First empirical investigation of low-dose caffeine effects on specific skills in Paralympic sitting volleyball.

## Key findings

- Low-dose caffeine showed a moderate improvement in serve speed (p=0.028) before correction.
- No significant effects were observed on spike speed or speed-endurance performance.
- Caffeine's ergogenic effects appear context-dependent and sport-specific.

## Abstract

Sitting volleyball relies heavily on upper-body strength and anaerobic capacity. Serve, spike, and speed-endurance are decisive skills, yet the ergogenic potential of low-dose caffeine in this Paralympic sport remains unclear.

To examine the acute effects of low-dose caffeine (3 mg/kg) supplementation on serve speed, spike speed, and speed-endurance in elite sitting volleyball players.

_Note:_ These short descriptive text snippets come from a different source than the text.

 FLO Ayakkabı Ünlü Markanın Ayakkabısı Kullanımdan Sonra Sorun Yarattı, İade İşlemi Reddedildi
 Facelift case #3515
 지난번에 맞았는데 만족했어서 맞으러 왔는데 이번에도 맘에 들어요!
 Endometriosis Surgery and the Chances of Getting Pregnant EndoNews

Using a randomized, double-blind, crossover design, 13 elite male athletes from the Turkish National Sitting Volleyball Team completed serve speed, spike speed, and speed-endurance tests under caffeine (CAF) and placebo (PLA) conditions.

Caffeine intake produced a moderate improvement in serve speed (p = 0.028, d = 0.460); however, this effect did not remain statistically significant after Bonferroni correction (adjusted p = 0.084). No significant effects were observed for spike speed (p = 0.547, d = 0.166) or speed-endurance performance (p = 0.709, d = 0.111). Perceived exertion during the speed-endurance test was similarly high in both conditions.

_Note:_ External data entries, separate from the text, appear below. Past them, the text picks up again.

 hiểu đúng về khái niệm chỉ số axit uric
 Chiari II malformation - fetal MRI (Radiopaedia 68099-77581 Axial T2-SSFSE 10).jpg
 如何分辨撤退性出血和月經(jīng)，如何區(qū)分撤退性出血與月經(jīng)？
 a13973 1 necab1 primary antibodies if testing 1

Low-dose caffeine may offer a trend toward improved serve performance, but the effect was not robust after statistical adjustment, and no benefits were observed for spike speed or speed-endurance. These findings highlight that caffeine’s ergogenic effects are context-dependent and shaped by task complexity and sport-specific motor demands. Further research with larger and more diverse samples, genotype-based subgroups, and varied dosing strategies is warranted to clarify caffeine’s role in adaptive sports.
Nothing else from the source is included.